The general tools and technologies that I learned during the course of my internship are API development, workflow engines, containerized services, data modeling, relational databases, NoSQL databases, query language development, publish/subscribe busses, telemetry data, clustering, Naïve Bayes Classifier, Support Vector Machine, REST’ful services, Unit Testing, Swagger Documentation, Gitlab, Postman, SCRUM tools and various Python packages like flask-restplus, sklearn, psycopg, Jinja, PyYAML, SQLAlchemy, python-jose, gunicorn, flask-RESTful, flask-swagger, pyJWT, pycurl, Flask-Brcypt, WTForms etc.
Below are the different courses and the description of how they helped me gain valuable experience throughout the course of this internship:
This course made me learn more about different data structures like Binary Search Trees, Binary Trees, Heaps etc. and the course assignments made me proficient in the language Python, which was the primary language used in the internship to develop various API’s and Machine Learning algorithms. Also, the concepts of analyzing the complexities of different Machine Learning algorithms helped me develop algorithms which are highly efficient in terms of both time and space here at Charter.
This course helped me get deep knowledge on different Machine Learning algorithms such as the Naïve Bayes Classifier, Clustering, Support Vector Machine, PCA based Anamoly Detection etc. which helped me to apply the same for the AI project described above.
This course helped us to write grammar for a language and made us develop the Lexer, Parser and Interpreter for a Python-like language using Python from scratch. This helped me during the internship in understanding a query language which was developed by one of the Principal Engineers from our team at Charter, which is a Domain Specific Language using Python and thereby testing the language with different basic network related audits.
These courses from two different semesters helped me gain deep knowledge on the process of Agile Software Development, which helped me to attend several daily stand-up meetings and speak regarding my work during the day and if I have any blockers, during my daily time at Charter.
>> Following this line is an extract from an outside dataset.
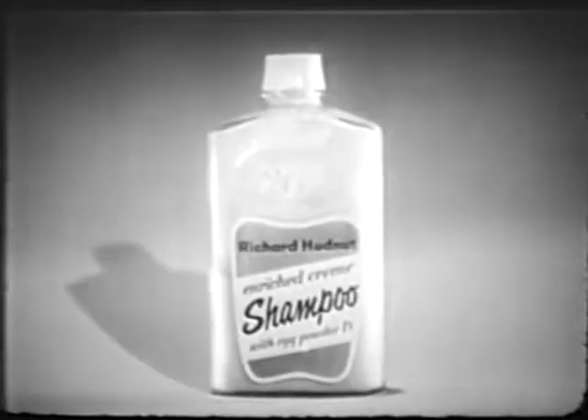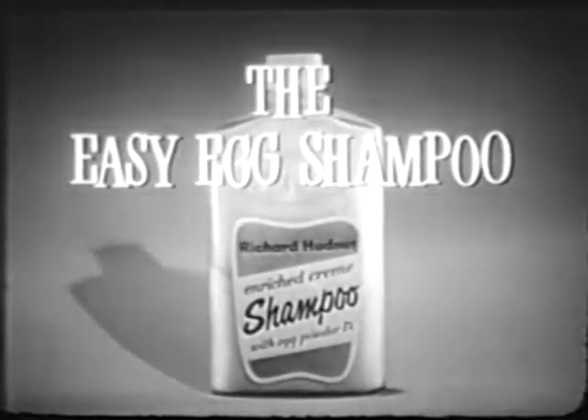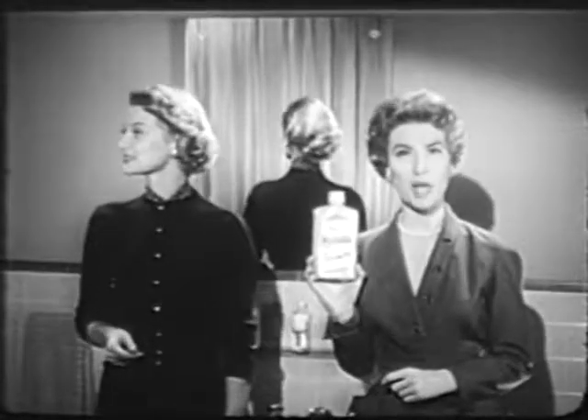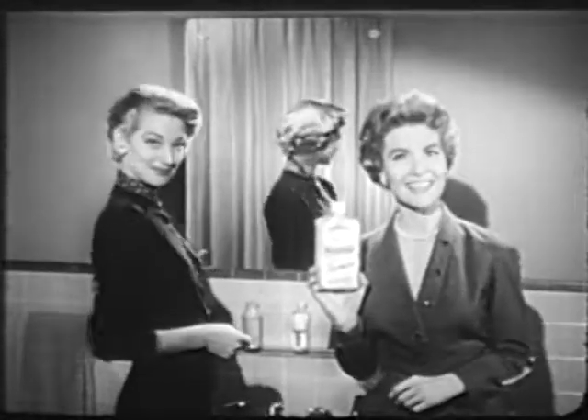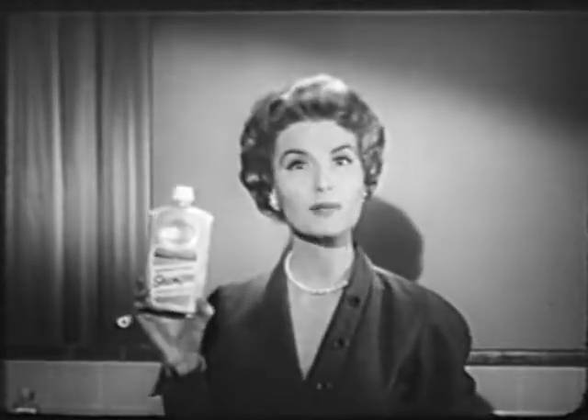A golden lotion with real eggs powdered in, to give all the benefits of an old-fashioned shampoo the easy way. Enriched Cream Shampoo leaves hair wonderfully clean and manageable. And see the wonderful sheen in our hair — you'll have it too with Enriched Cream Shampoo.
These courses and related projects also helped me understand the importance of User Stories, Scrum and Pair Programming, where I gained valuable experience in assisting the team in the development of different APIs, ML algorithms, several unit tests and gained huge basic knowledge of the computer networking domain.
The project that was a part of this course helped me learn about the JSON objects, parsing the JSON and some of the concepts related to building the Web APIs which helped me during the internship when I was building the APIs and when trying to analyze the network configuration in different JSON objects, which were described previously in the report.
After this internship, I have learnt a lot about API development, RESTful services, Network Configuration and Management, application of the Machine Learning Algorithms in a computer networking domain etc. Also, I have learnt about the Docker, which helps us have the applications/services developed and put in a container so that they could be used by other developers in the future, which also helped me gain experience in real-world applications.
All these concepts would help my Applied Project/Software Factory in the final semester or in the courses of the future semesters at ASU in successful completion of the same. Also, the knowledge acquired during the period of my internship at Charter as describe above in different tools and technologies would help me in developing projects that are useful for other engineers in the future at ASU and making the world a better place for the people to live in.